Forget about Jacob deGrom for a second.
He’ll pitch when he pitches, whether that’s in early August, well after the trade deadline, or some other faraway date that makes everyone even more queasy and skeptical.
The Mets have two games against the Yankees starting on Tuesday, and the man in line to start the first game has been exponentially more important to the Mets this year than his injured rotation mate.
Taijuan Walker, the Tuesday probable, has a 2.55 ERA, a tidy 1.09 WHIP, a nice 6.9% walk rate and is inducing a ground ball on 49.6% of the balls put in play against him. All of those numbers are the best of his career, and on a macro level are one of the many reasons why the Mets have been able to sustain themselves without deGrom.
Among National League starters with 90 innings under their belt, only reigning NL Cy Young winner Corbin Burnes, this year’s favorite Sandy Alcantara and Dodgers’ breakout sensation Tony Gonsolin have a lower ERA than Walker. His 2.3 Wins Above Replacement ranks 11th in the NL, and according to FanGraphs, Walker’s splitter is the best in the game. That pitch, by FanGraphs’ estimation, has been 14 runs above average, outpacing Gonsolin, AL All-Star Shane McClanahan and splitter warlocks Kevin Gausman and Yu Darvish.

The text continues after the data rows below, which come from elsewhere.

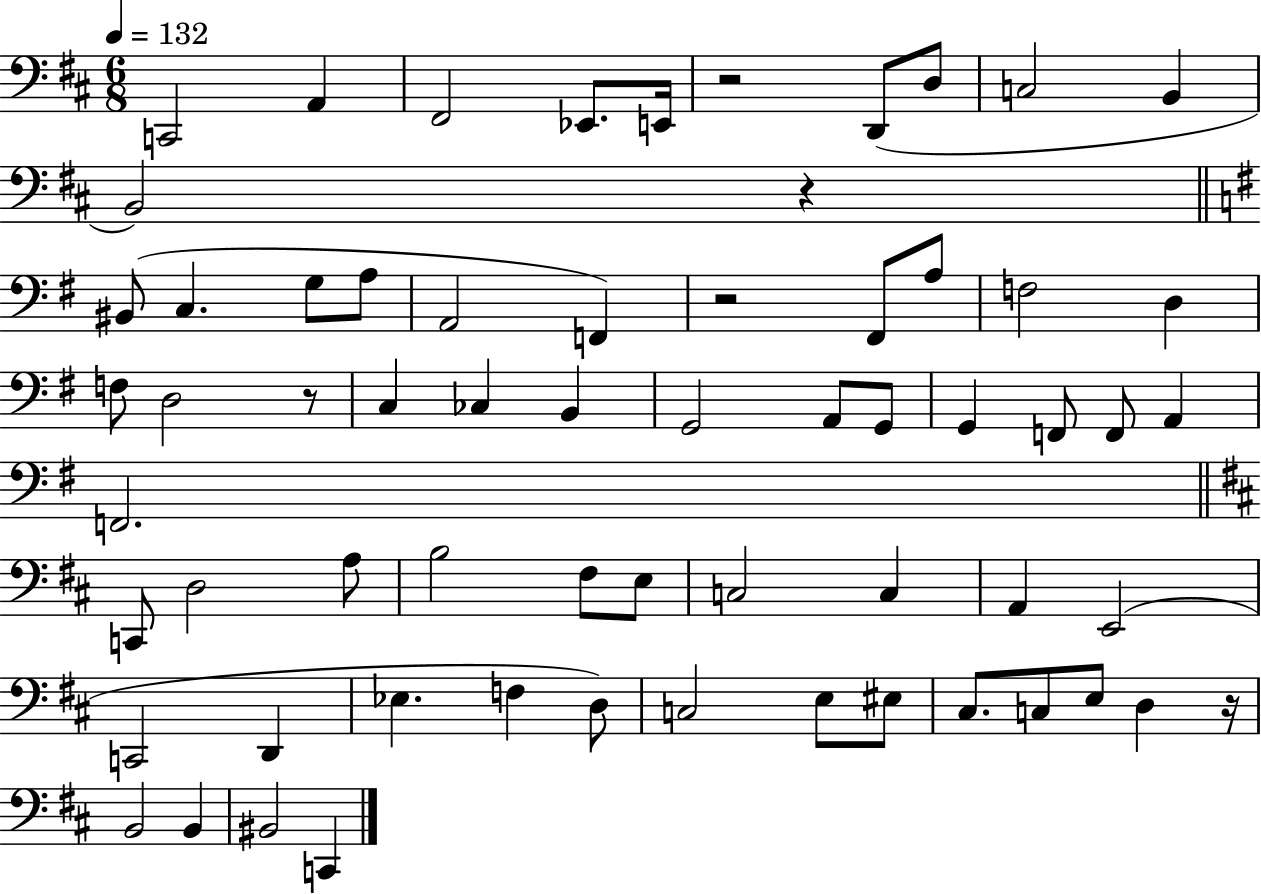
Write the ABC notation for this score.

X:1
T:Untitled
M:6/8
L:1/4
K:D
C,,2 A,, ^F,,2 _E,,/2 E,,/4 z2 D,,/2 D,/2 C,2 B,, B,,2 z ^B,,/2 C, G,/2 A,/2 A,,2 F,, z2 ^F,,/2 A,/2 F,2 D, F,/2 D,2 z/2 C, _C, B,, G,,2 A,,/2 G,,/2 G,, F,,/2 F,,/2 A,, F,,2 C,,/2 D,2 A,/2 B,2 ^F,/2 E,/2 C,2 C, A,, E,,2 C,,2 D,, _E, F, D,/2 C,2 E,/2 ^E,/2 ^C,/2 C,/2 E,/2 D, z/4 B,,2 B,, ^B,,2 C,, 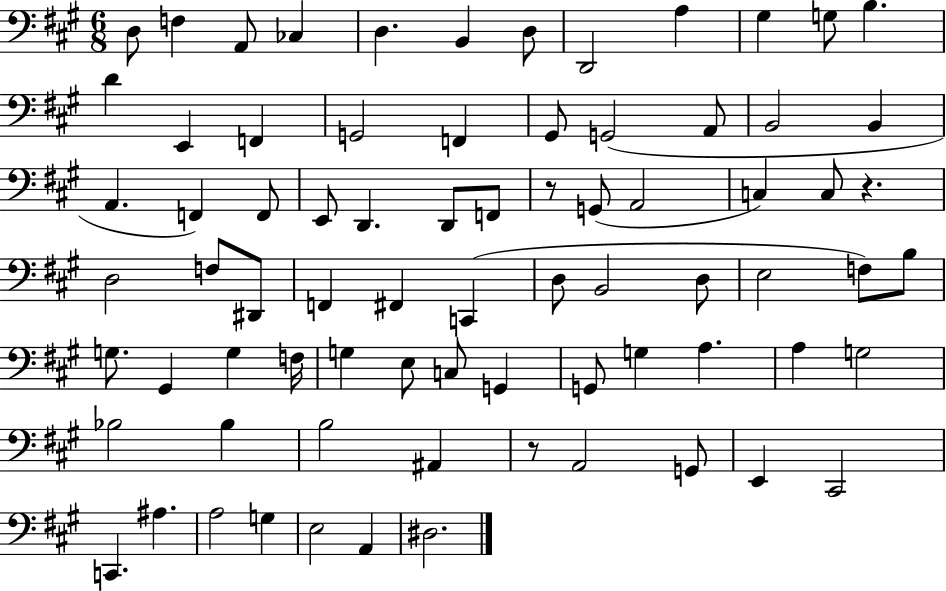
{
  \clef bass
  \numericTimeSignature
  \time 6/8
  \key a \major
  d8 f4 a,8 ces4 | d4. b,4 d8 | d,2 a4 | gis4 g8 b4. | \break d'4 e,4 f,4 | g,2 f,4 | gis,8 g,2( a,8 | b,2 b,4 | \break a,4. f,4) f,8 | e,8 d,4. d,8 f,8 | r8 g,8( a,2 | c4) c8 r4. | \break d2 f8 dis,8 | f,4 fis,4 c,4( | d8 b,2 d8 | e2 f8) b8 | \break g8. gis,4 g4 f16 | g4 e8 c8 g,4 | g,8 g4 a4. | a4 g2 | \break bes2 bes4 | b2 ais,4 | r8 a,2 g,8 | e,4 cis,2 | \break c,4. ais4. | a2 g4 | e2 a,4 | dis2. | \break \bar "|."
}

Any way you slice it, Walker has been tremendously valuable to the Mets this season. For the second straight season, he was stupendous in the first half. Last season, though, his 2.66 first-half ERA became a 7.13 in the second half. To avoid that, Walker and the Mets had the right-hander get checked out before making his first start of the second half on Tuesday. Walker has had minor problems with both his right knee and right shoulder in the recent past, both of which were examined during his checkup.
“I’ve thrown a lot of innings, so I just wanted to make sure everything is going well,” Walker said in the clubhouse on Friday. “Everything looked good.”

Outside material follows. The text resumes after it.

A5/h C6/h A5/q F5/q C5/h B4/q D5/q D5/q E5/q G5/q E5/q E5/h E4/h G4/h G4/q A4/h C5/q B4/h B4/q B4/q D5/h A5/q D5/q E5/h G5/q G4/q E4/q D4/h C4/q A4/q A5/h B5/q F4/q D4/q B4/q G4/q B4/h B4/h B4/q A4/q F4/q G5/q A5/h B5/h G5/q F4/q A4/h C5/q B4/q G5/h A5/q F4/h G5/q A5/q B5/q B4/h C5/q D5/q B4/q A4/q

Walker’s 250.2 innings over the past two seasons are the most he’s thrown in a two-year span since 2016 and 2017. With at least 10 more starts awaiting him in the season’s final months, the 29-year-old has a chance to greatly impact the pennant race.
Sporting a new hairdo — Walker showed up for the team’s series against San Diego with his puffy Afro twisted into braids — the game against the Yankees on Tuesday is his chance to start the second half on the right foot this year. The splitter should help, as he’s both trusting it way more than he did in 2021 and getting markedly better results on it. Last year, when he was throwing it just 14.1% of the time, Walker watched his splitter get rocked to the tune of a .255 batting average and .479 slugging percentage. Lefties hit it for power (four home runs, .500 slugging percentage) while righties had no problem hitting it for contact (.289 average).

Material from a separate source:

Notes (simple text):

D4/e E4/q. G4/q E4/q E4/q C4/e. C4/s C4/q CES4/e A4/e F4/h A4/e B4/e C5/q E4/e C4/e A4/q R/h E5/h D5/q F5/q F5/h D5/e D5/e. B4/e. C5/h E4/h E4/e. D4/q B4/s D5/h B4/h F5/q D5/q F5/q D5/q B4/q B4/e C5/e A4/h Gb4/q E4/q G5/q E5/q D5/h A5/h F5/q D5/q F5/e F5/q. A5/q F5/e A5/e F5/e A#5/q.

Things have transformed this year, and it’s made a world of difference for Walker, who’s living up to his prospect hype from the early 2010s. Nobody has homered off his splitter this year, and it’s become his best strikeout pitch, accounting for 36 of his 73 punchouts. Along with Chris Bassitt and Carlos Carrasco, Walker has been gobbling innings like Pac-Man chasing after dots, but he’s also advancing to the next level of the game.
We’ll see what kind of adjustments he has in store for the second half of 2022. As the league gets more looks at his revamped split-finger, his slider could become the all-important third option. That’s a pitch that Walker didn’t throw at all until 2020, eight years into his MLB odyssey. Finding more changes and additions like that, which is a job that will also fall to pitching coach Jeremy Hefner, is the key to avoiding a second-half demise like he experienced last year.
As Walker embarks on that journey, his first stop is the Yankees, the only team that’s already scored 500 runs this season. He’s had varying success against their big names, holding Anthony Rizzo and Matt Carpenter hitless in 22 combined plate appearances, but DJ LeMahieu has seen him 30 times and spit out a .280 average, while Aaron Judge and Giancarlo Stanton are a combined 6-for-17 (.352) with three homers and six RBI.
It’s not hard to watch Walker and understand why he’s a good pitcher. When he’s good, his combination of mid-90s velocity and tight movement on his secondaries builds a chapel of strikeouts and grounders. When he’s bad, he allows 20 homers in 64.1 innings, the garish stat line from his second half in 2021.
The Mets cannot afford a repeat performance of that, and they’ll get a pretty good idea of what version of Walker they have when he battles the Yankees on Tuesday.